Saturday, June 24, 2017

General Henry Seymour Conway: Elder Statesman, 1768-1784.

I recently added the sixth and final chapter of my doctoral dissertation, “Henry Seymour Conway and the Commons’ Cause, 1719-1784” to the page section of this website. All six chapters as well as a Preface on now on the site. Posting the dissertation on this site has been a labor of love on my part.  The dissertation was completed and accepted by Fordham University long ago in 1972 under the supervision of Ross J. S. Hoffman. Dr. Hoffman was an emeritus Professor and I believe I was one of his last doctoral candidates. Although I went on to other things, I will never forget General Conway, Horace Walpole, or Dr. Hoffman.

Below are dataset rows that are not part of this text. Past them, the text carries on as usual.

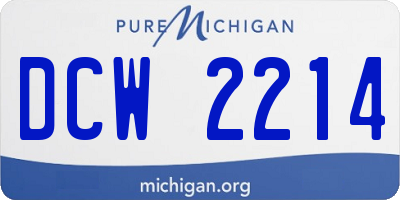 MI license plate DCW2214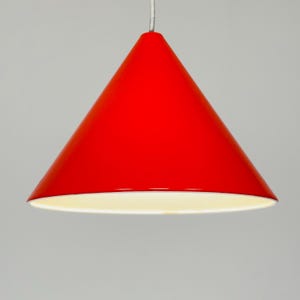 Rare Mid Century Arne Jacobsen Orange Corn Pendant Billiard Lamp for Louis Poulsen, 1960s Denmark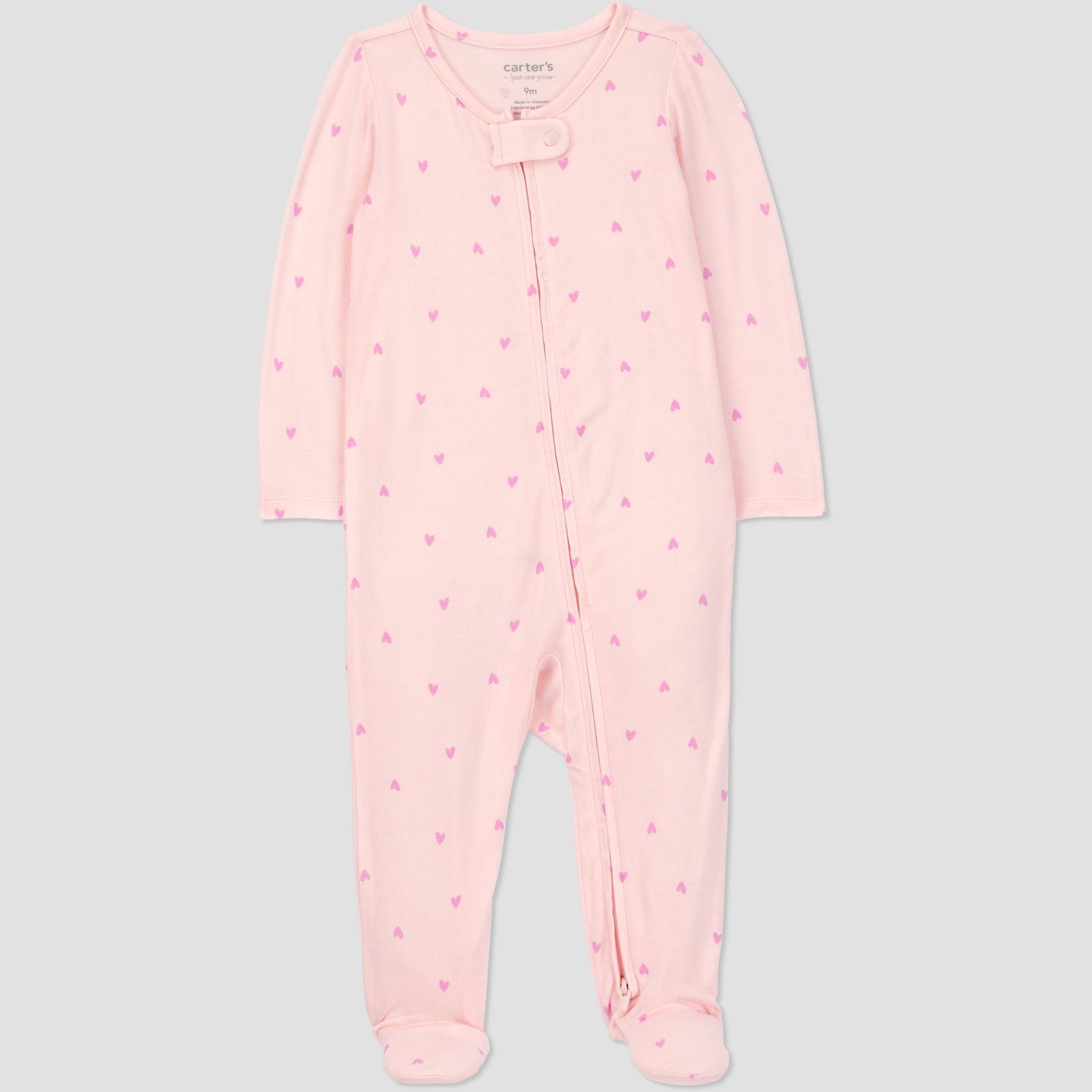 Carter's Just One You® Baby Girls' Comfy Soft Hearts Long Sleeve Sleep N' Play Footed Pajamas - Pink Hearts Newborn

Gainsborough: General Conway 

Chapter Six covers the sixteen-year period that began with the end of the Chatham administration in 1768 and ends with Conway’s withdrawal from public life in 1784 at the age of 65 after he failed that year to be nominated for a place in the new Parliament. The great central concern of those years was the American war. During this period Conway, known as a friend of America for his role in the repeal of the Stamp Act in 1766, consistently opposed all attempts to coerce the Americans by military force.

However, his vaunted independence meant that he was never considered to be part of any opposition group or party. In fact, his independence made him just the man to move the end of all offensive military operations in America after the disaster at Yorktown. He served briefly in the second Rockingham administration but stayed on after Rockingham’s death in order to secure peace. His actions alienated Whig friends like Charles Fox and Edmund Burke and the formation of the Fox North coalition marked the end of his political career.

In retirement he was free for the last ten years of his life to concern himself with a variety of other interests. In her edition of the works of Horace Walpole, Conway's famous cousin and friend, Mary Berry penned this little appreciation of General Conway in retirement.
It is only those who…have had the opportunity of penetrating into the most secret motives of his public conduct, and the inmost recesses of his private life, that can do real justice to the unsullied purity of his character—who like the editor saw and knew him in the evening of his days, retired from the honourable activity of a soldier and a statesman to the calm enjoyment of private life, happy in the resources of his own mind, and in the cultivation of useful science in the bosom of domestic peace—unenriched by pensions or places, undistinguished by titles or ribbons, unsophisticated by public life and unwearied by retirement.[1]
As an avid chess player, I was happy to discover recently that one of his favorite activities was chess. Some of his games can still be found online. One was a loss to the great French master, Philidor.

[1] The Works of Horatio Walpole, Earl of Orford, (5 vols.; London, 1798), I, XVIII.